→ What is being asked: What you return must be the lines from the first one below through the one containing "Nike Air Force", exactly and with pictures excluded.

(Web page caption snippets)
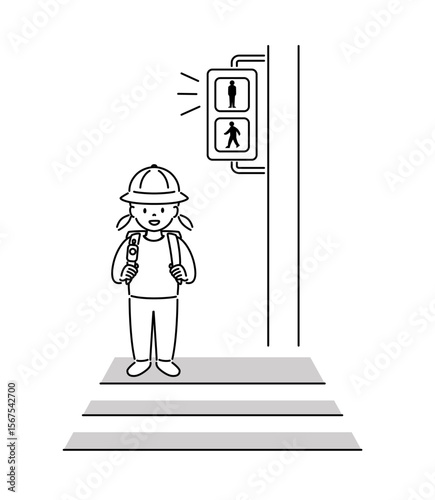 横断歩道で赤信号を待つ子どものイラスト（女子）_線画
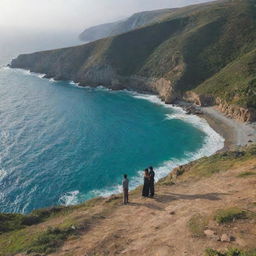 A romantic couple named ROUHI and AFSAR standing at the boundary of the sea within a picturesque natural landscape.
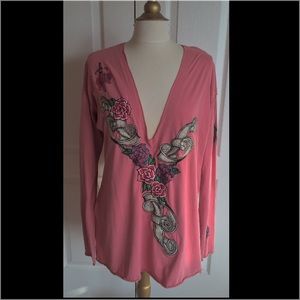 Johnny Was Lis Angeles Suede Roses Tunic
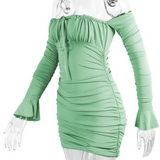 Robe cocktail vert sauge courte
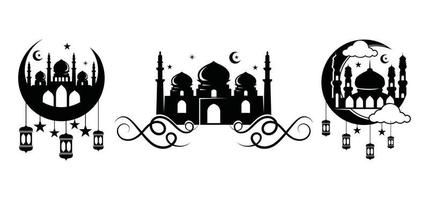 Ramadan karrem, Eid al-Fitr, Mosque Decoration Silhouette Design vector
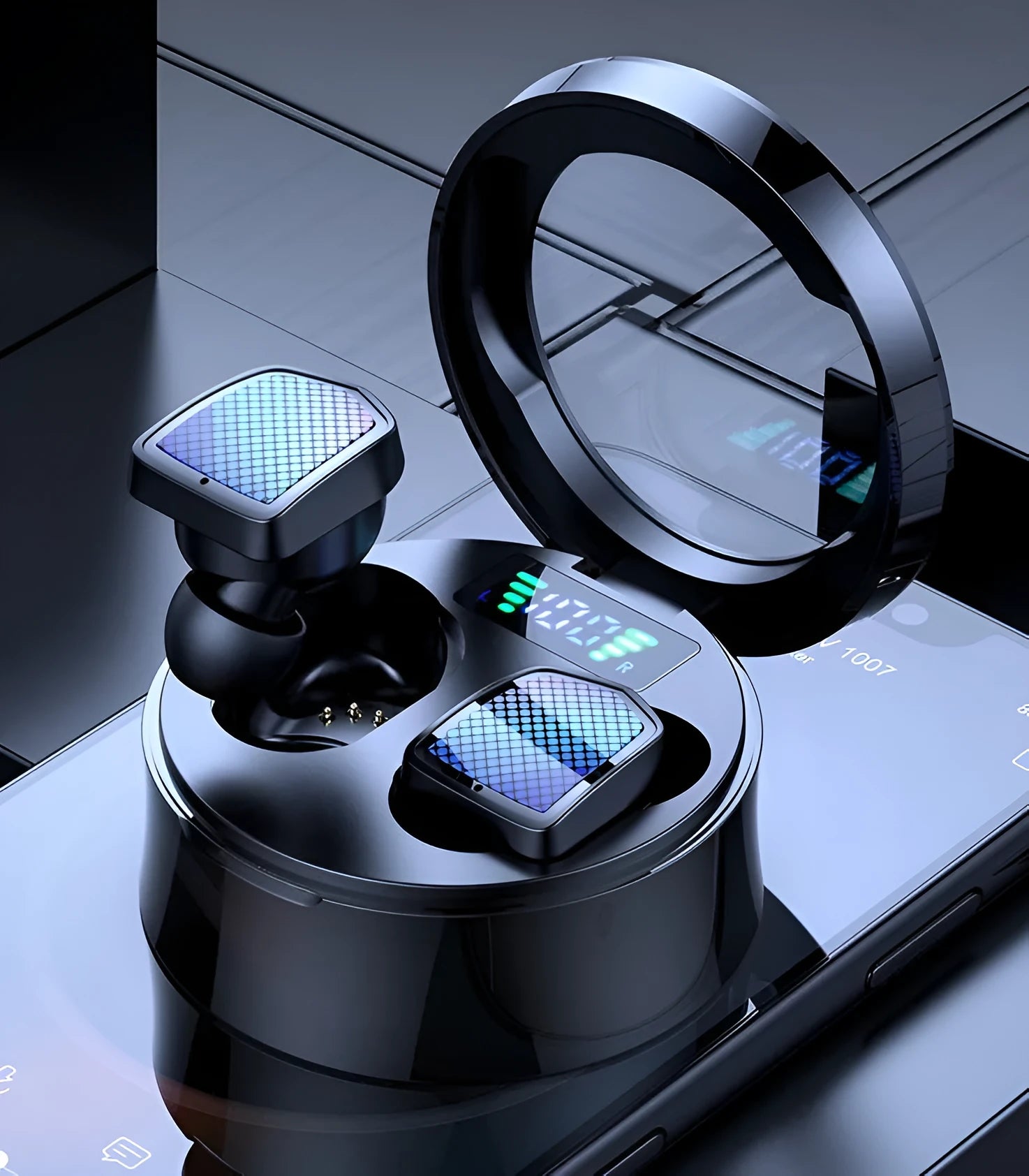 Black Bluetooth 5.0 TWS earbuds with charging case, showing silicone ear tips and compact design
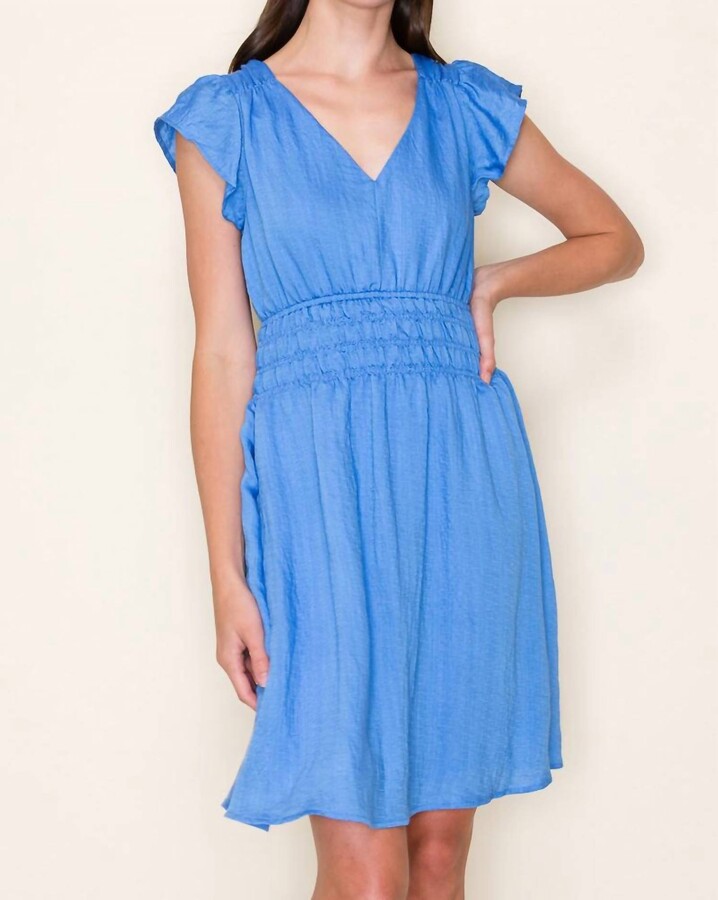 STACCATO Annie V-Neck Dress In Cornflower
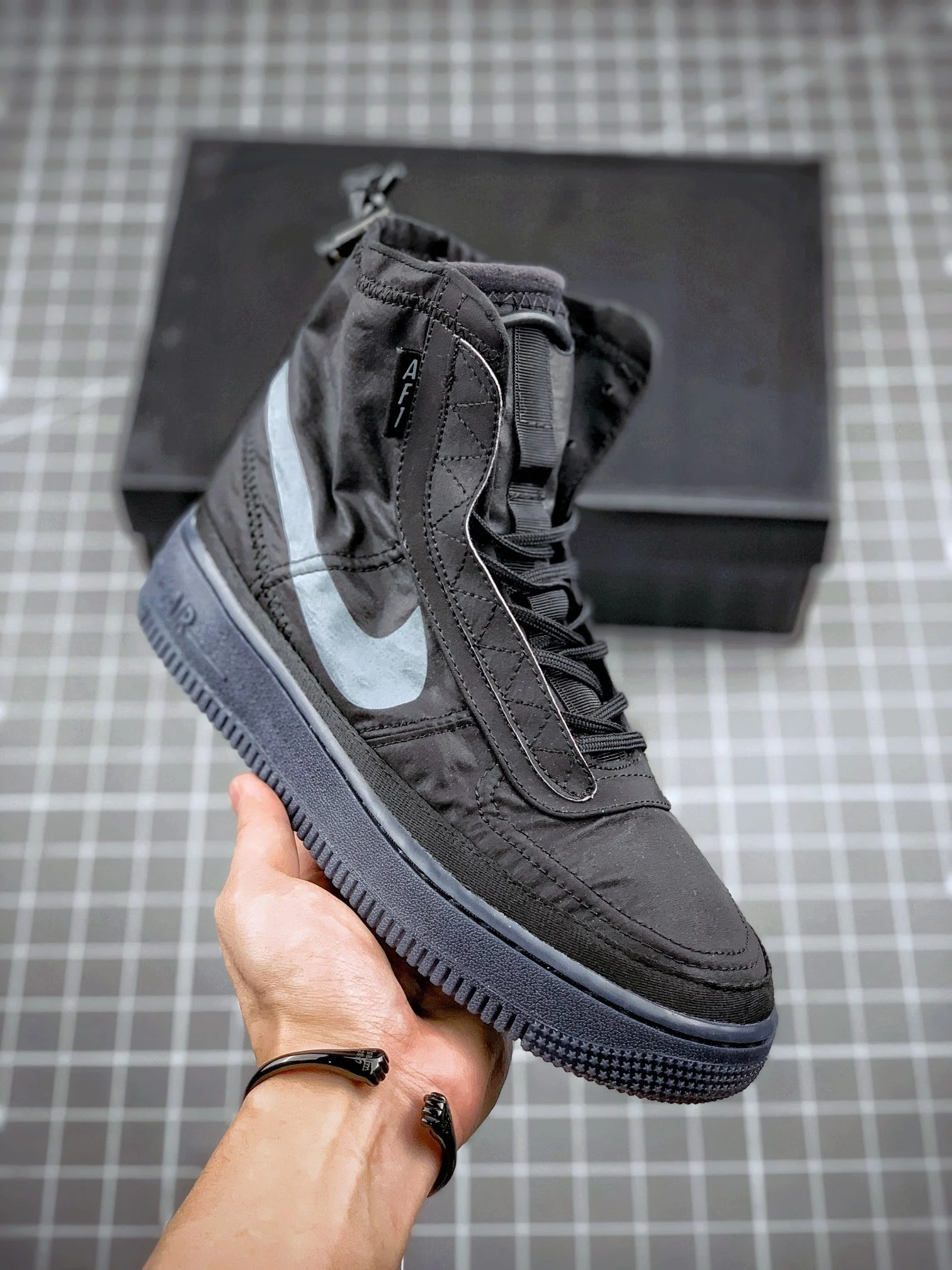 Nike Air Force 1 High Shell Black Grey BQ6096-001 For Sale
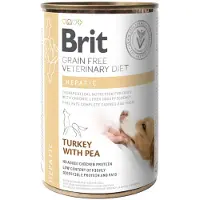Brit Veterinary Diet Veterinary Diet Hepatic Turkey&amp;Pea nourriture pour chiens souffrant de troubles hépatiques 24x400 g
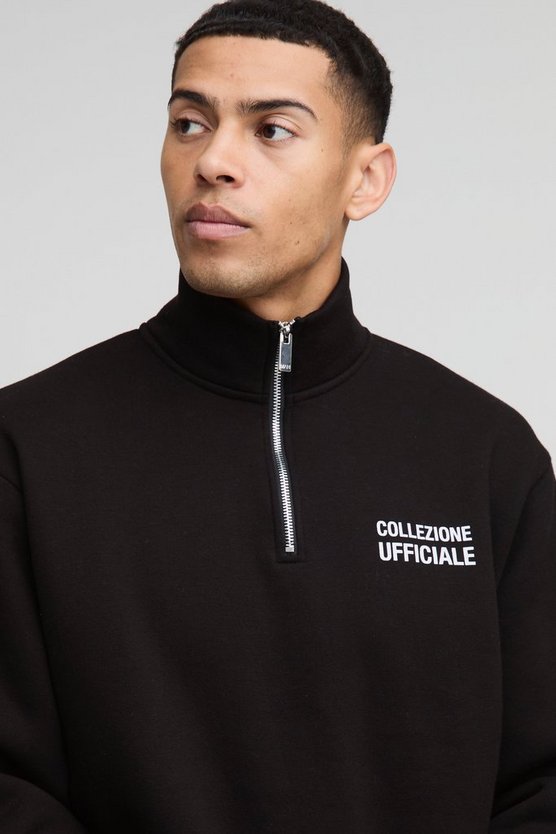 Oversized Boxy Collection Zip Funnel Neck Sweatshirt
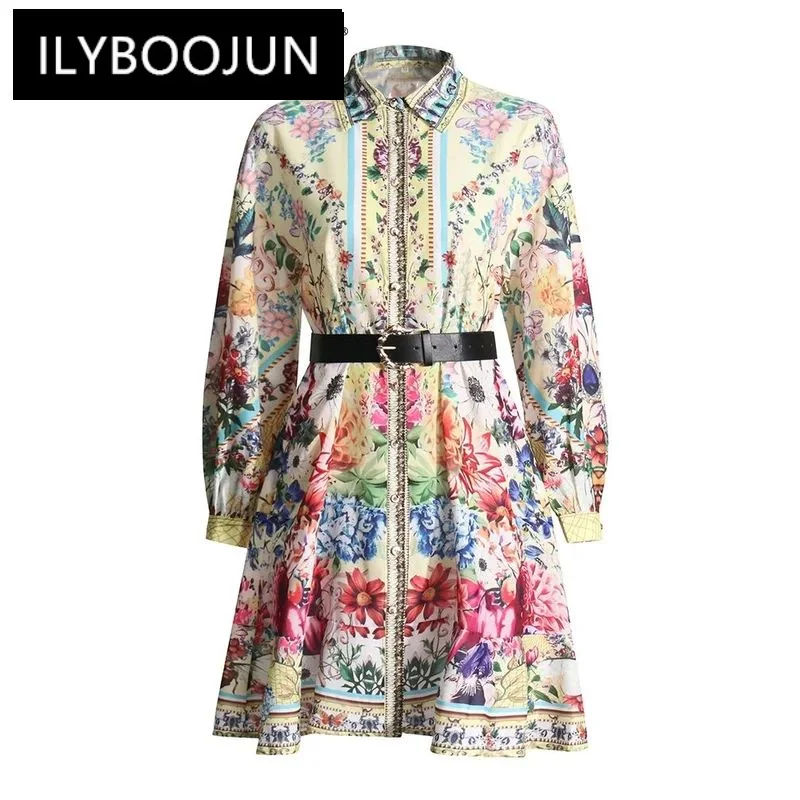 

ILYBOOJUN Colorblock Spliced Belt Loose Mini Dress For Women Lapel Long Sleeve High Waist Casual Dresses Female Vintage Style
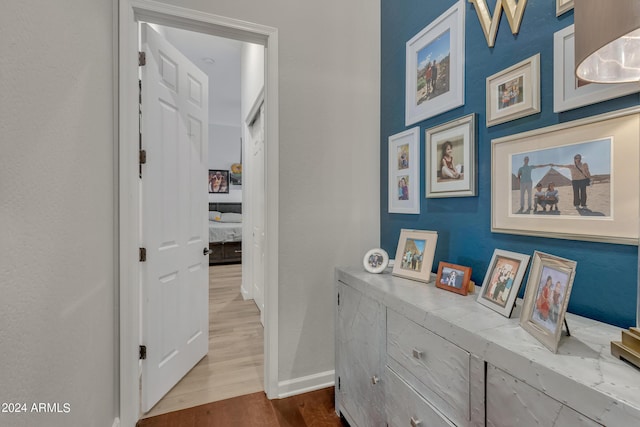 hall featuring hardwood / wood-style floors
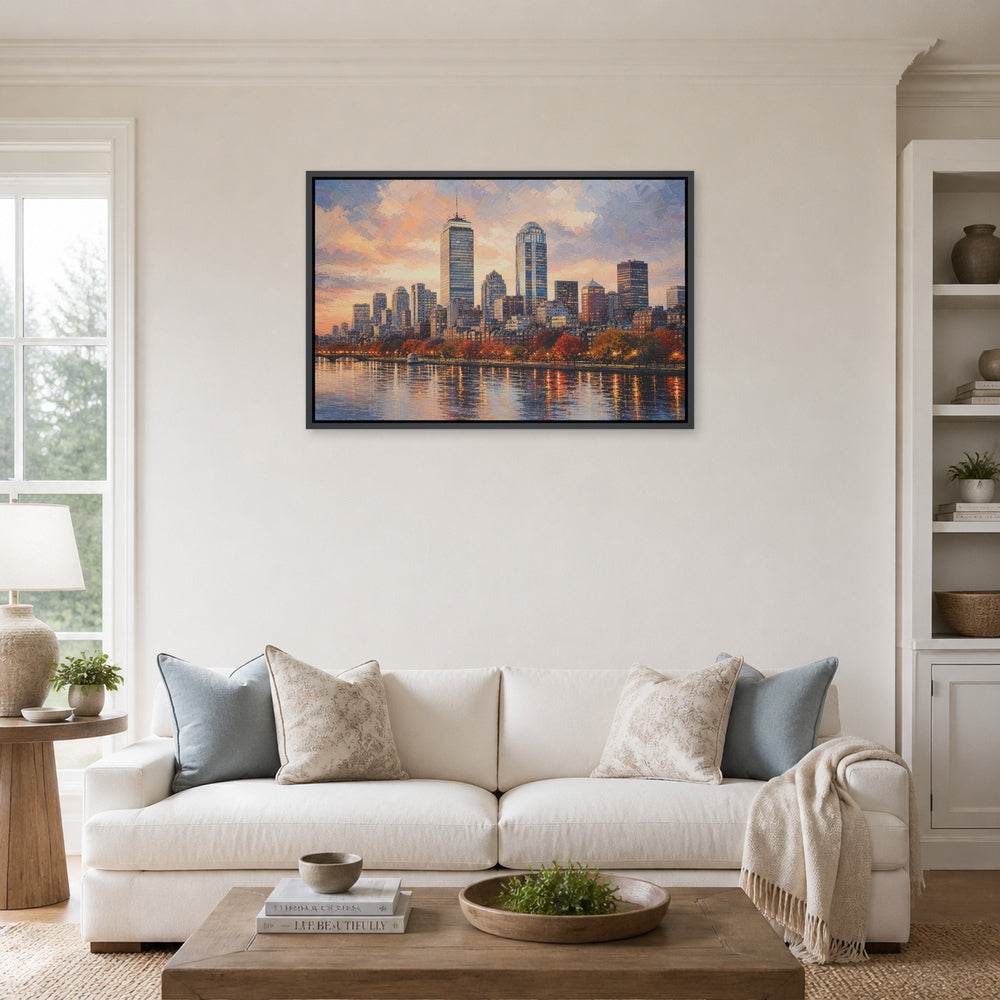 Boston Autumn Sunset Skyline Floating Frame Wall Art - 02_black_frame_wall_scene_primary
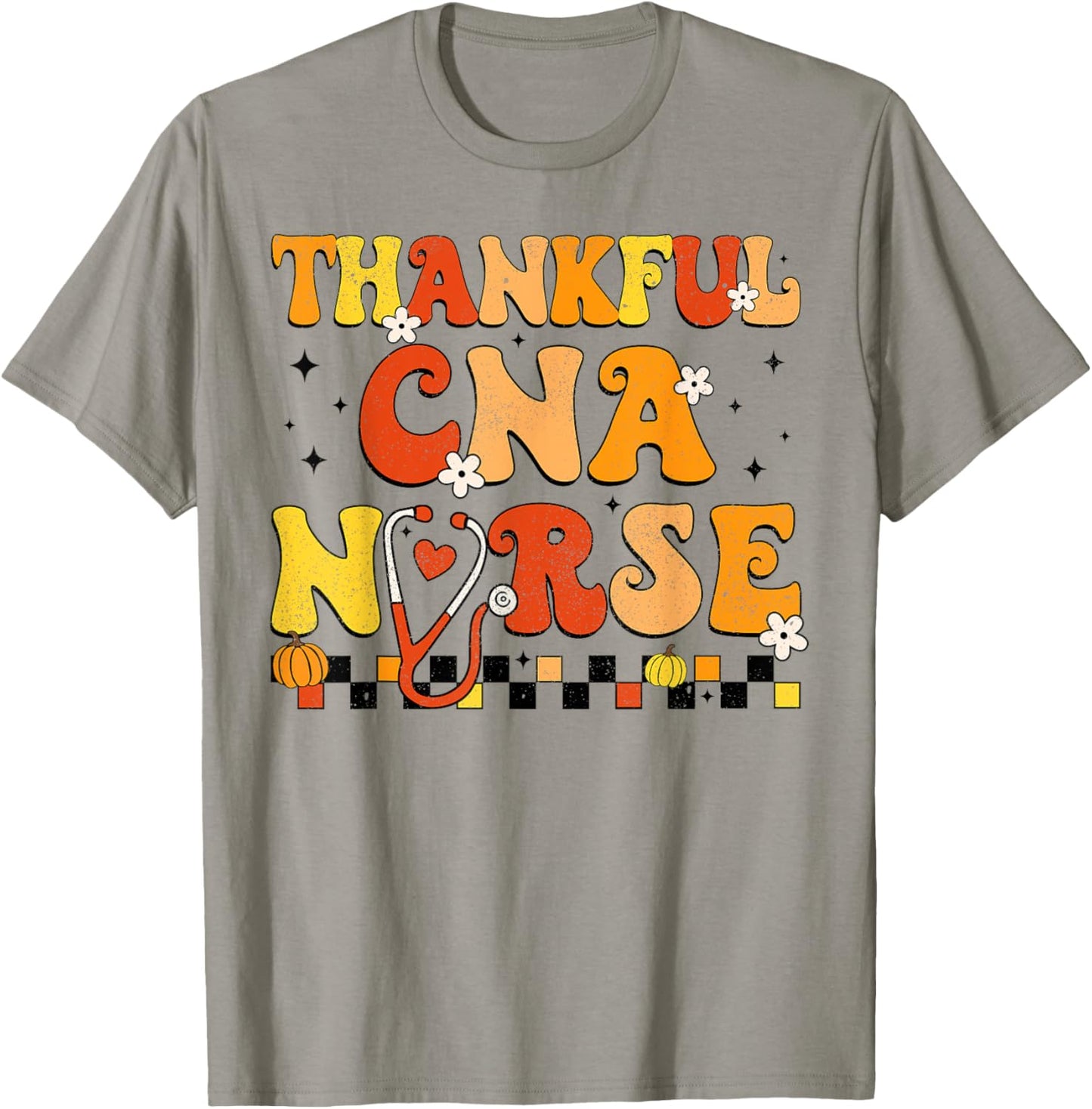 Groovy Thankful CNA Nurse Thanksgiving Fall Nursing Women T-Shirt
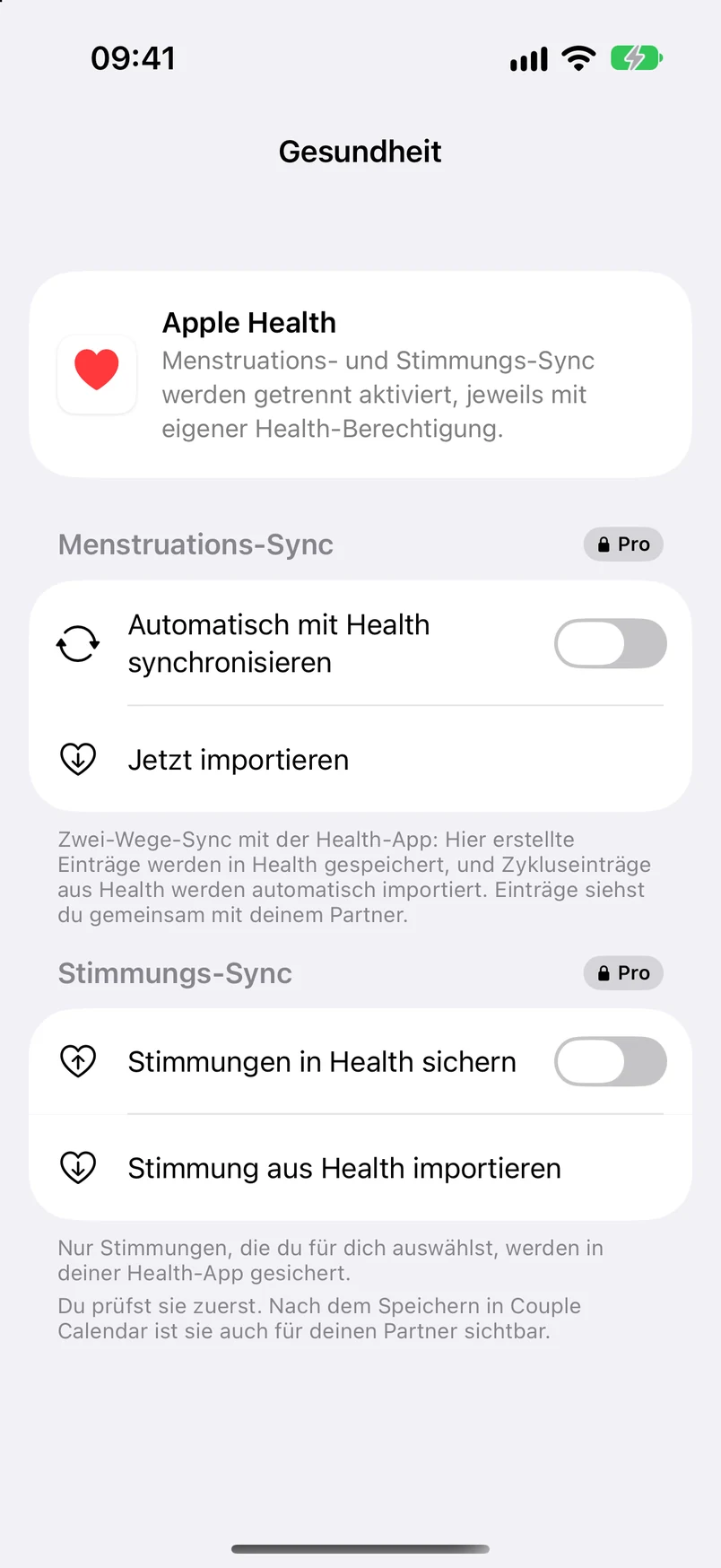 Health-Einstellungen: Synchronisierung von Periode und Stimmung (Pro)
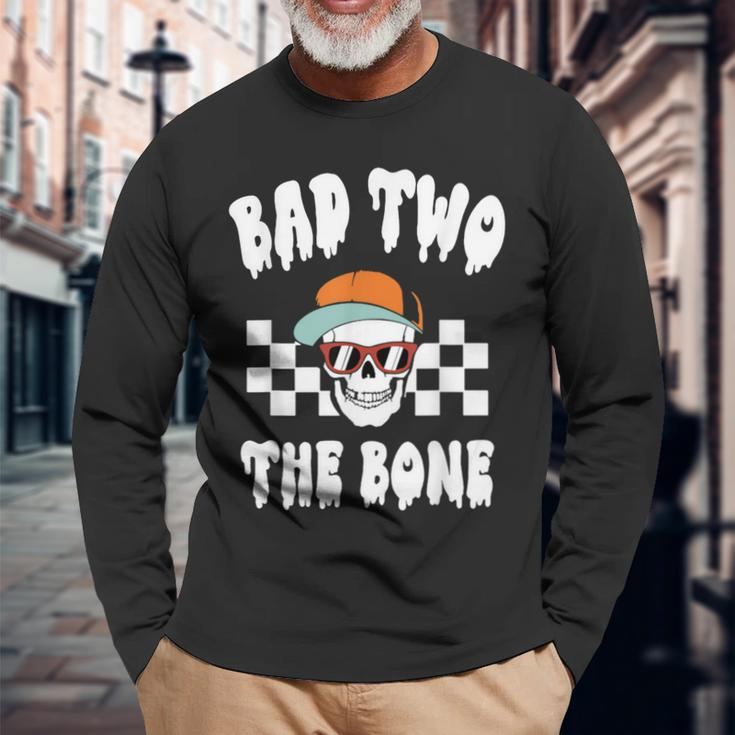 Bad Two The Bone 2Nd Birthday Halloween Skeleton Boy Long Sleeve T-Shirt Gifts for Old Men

→ Your solution:
 横断歩道で赤信号を待つ子どものイラスト（女子）_線画
 A romantic couple named ROUHI and AFSAR standing at the boundary of the sea within a picturesque natural landscape.
 Johnny Was Lis Angeles Suede Roses Tunic
 Robe cocktail vert sauge courte
 Ramadan karrem, Eid al-Fitr, Mosque Decoration Silhouette Design vector
 Black Bluetooth 5.0 TWS earbuds with charging case, showing silicone ear tips and compact design
 STACCATO Annie V-Neck Dress In Cornflower
 Nike Air Force 1 High Shell Black Grey BQ6096-001 For Sale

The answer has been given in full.